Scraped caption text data
#####

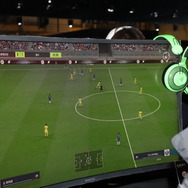 【G-STAR 2017】『FIFA Online 4』など試遊台が6タイトル588台！最大級の広さを誇るNEXONブースレポ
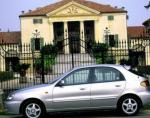 Lanos Pick-up Daewoo specs Lanos Pick-up Daewoo specs liftback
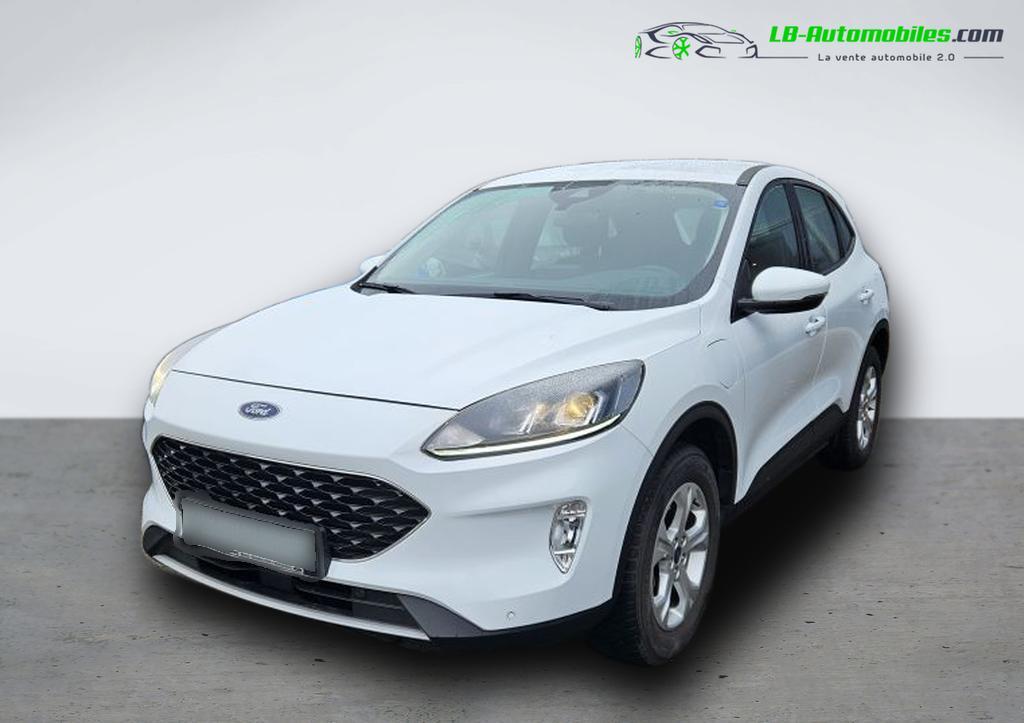 Ford Kuga 2.5 Duratec 225 ch PHEV BVA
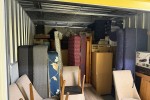 2 bedroom apartment move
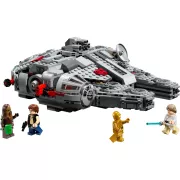 LEGO 75426 SMART Play: Faucon Millenium - Star Wars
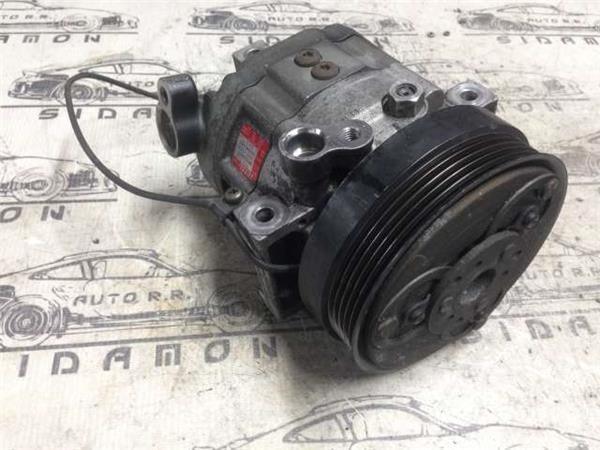 Compresor ac mitsubishi io 506021-5202 - 506021-5202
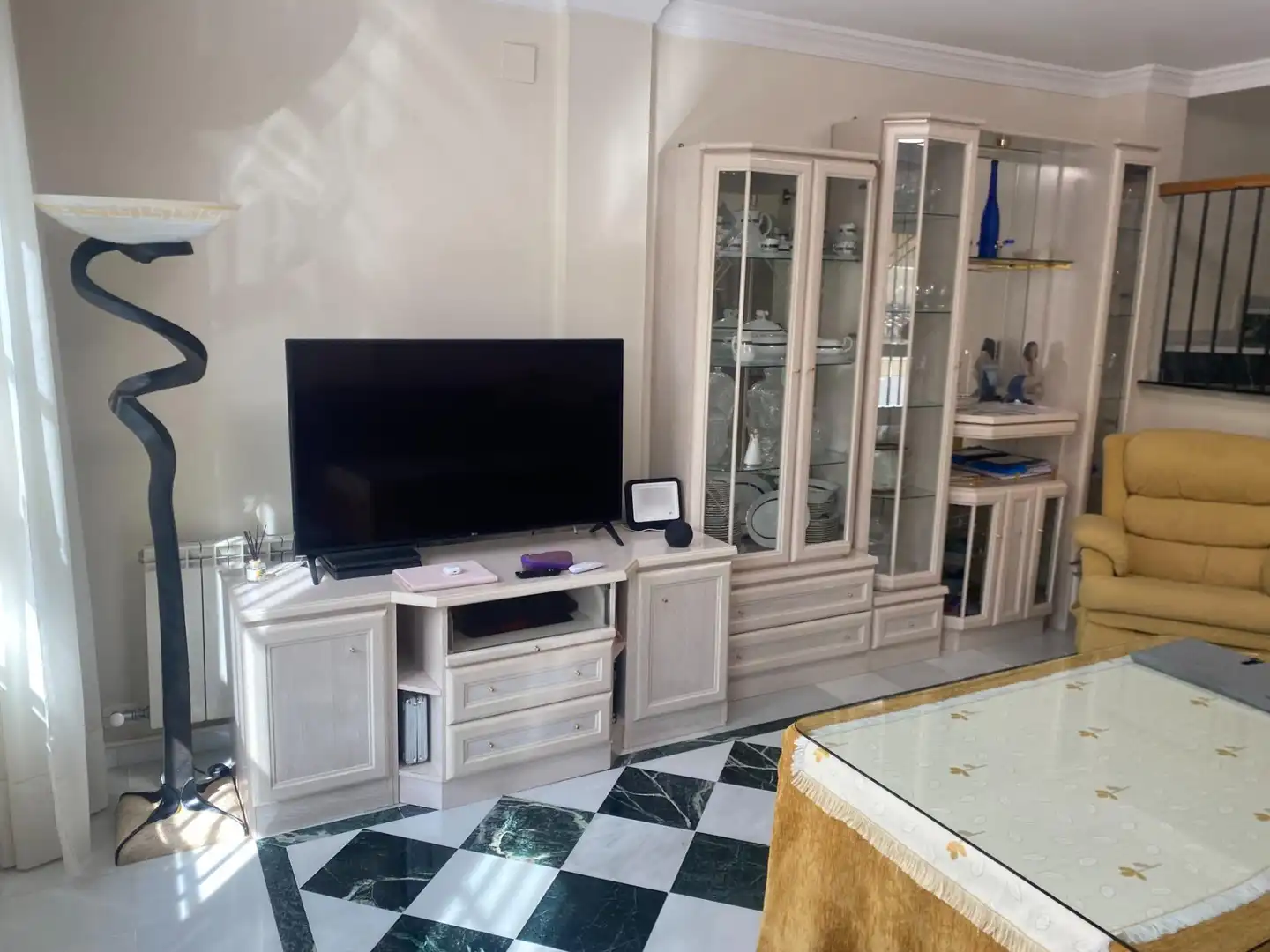 Adosado con terraza en venta en Calle Lopez Mezquita, imagen 10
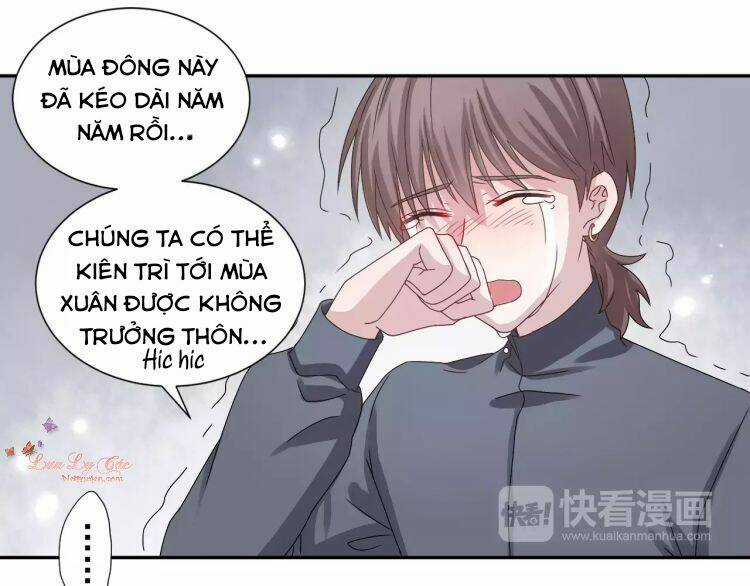 Sơn Chi Linh - Chapter 2 - Trang 7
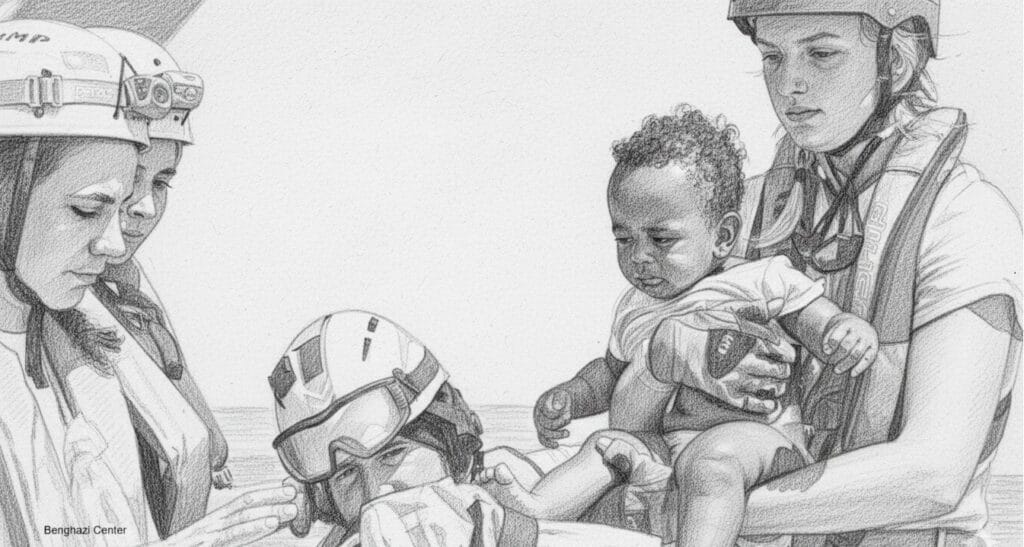 رسم تعبيري بواسطة الذكاء الاصطناعي. (أطفال المتوسط)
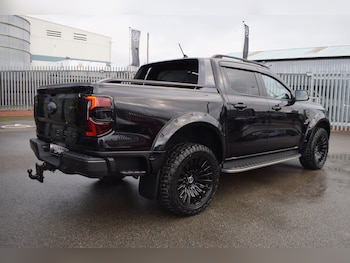 Used Ford Ranger 2023 for sale - 77131276: Photo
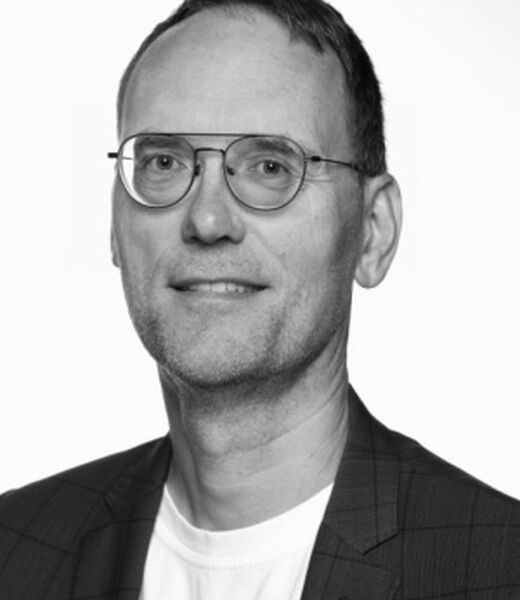 Lærer Torben Hilligsøe Lisby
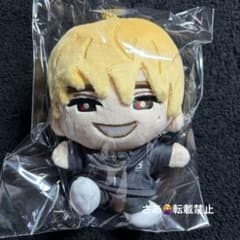 SixTONES MILESixTONES ぬいぐるみ 手つなぎストぬいジェシー - メルカリ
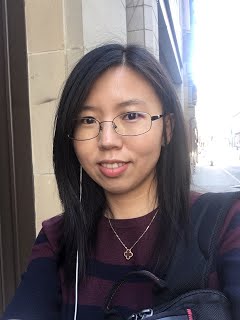 Lili Su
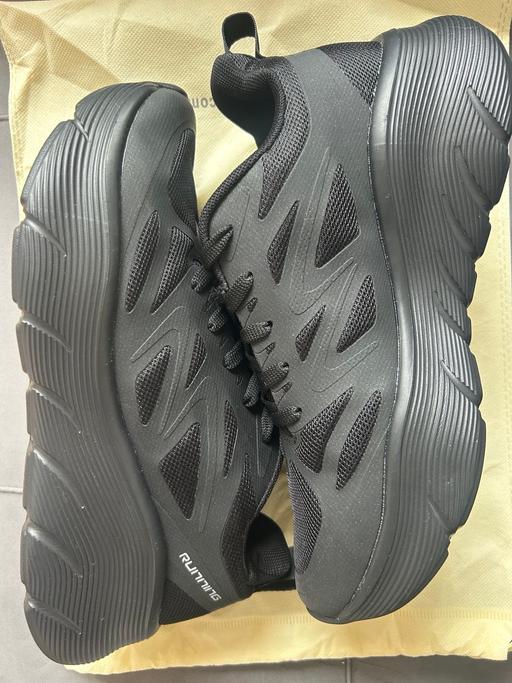 Buy & Sell Ilford Redbridge - Photos for Running orthopaedic trainers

#####

TASK OBJECTIVE ->
Each entry above should be reproduced exactly, with the pictures removed.

WRITTEN SOLUTION ->
 【G-STAR 2017】『FIFA Online 4』など試遊台が6タイトル588台！最大級の広さを誇るNEXONブースレポ
 Lanos Pick-up Daewoo specs Lanos Pick-up Daewoo specs liftback
 Ford Kuga 2.5 Duratec 225 ch PHEV BVA
 2 bedroom apartment move
 LEGO 75426 SMART Play: Faucon Millenium - Star Wars
 Compresor ac mitsubishi io 506021-5202 - 506021-5202
 Adosado con terraza en venta en Calle Lopez Mezquita, imagen 10
 Sơn Chi Linh - Chapter 2 - Trang 7
 رسم تعبيري بواسطة الذكاء الاصطناعي. (أطفال المتوسط)
 Used Ford Ranger 2023 for sale - 77131276: Photo
 Lærer Torben Hilligsøe Lisby
 SixTONES MILESixTONES ぬいぐるみ 手つなぎストぬいジェシー - メルカリ
 Lili Su
 Buy & Sell Ilford Redbridge - Photos for Running orthopaedic trainers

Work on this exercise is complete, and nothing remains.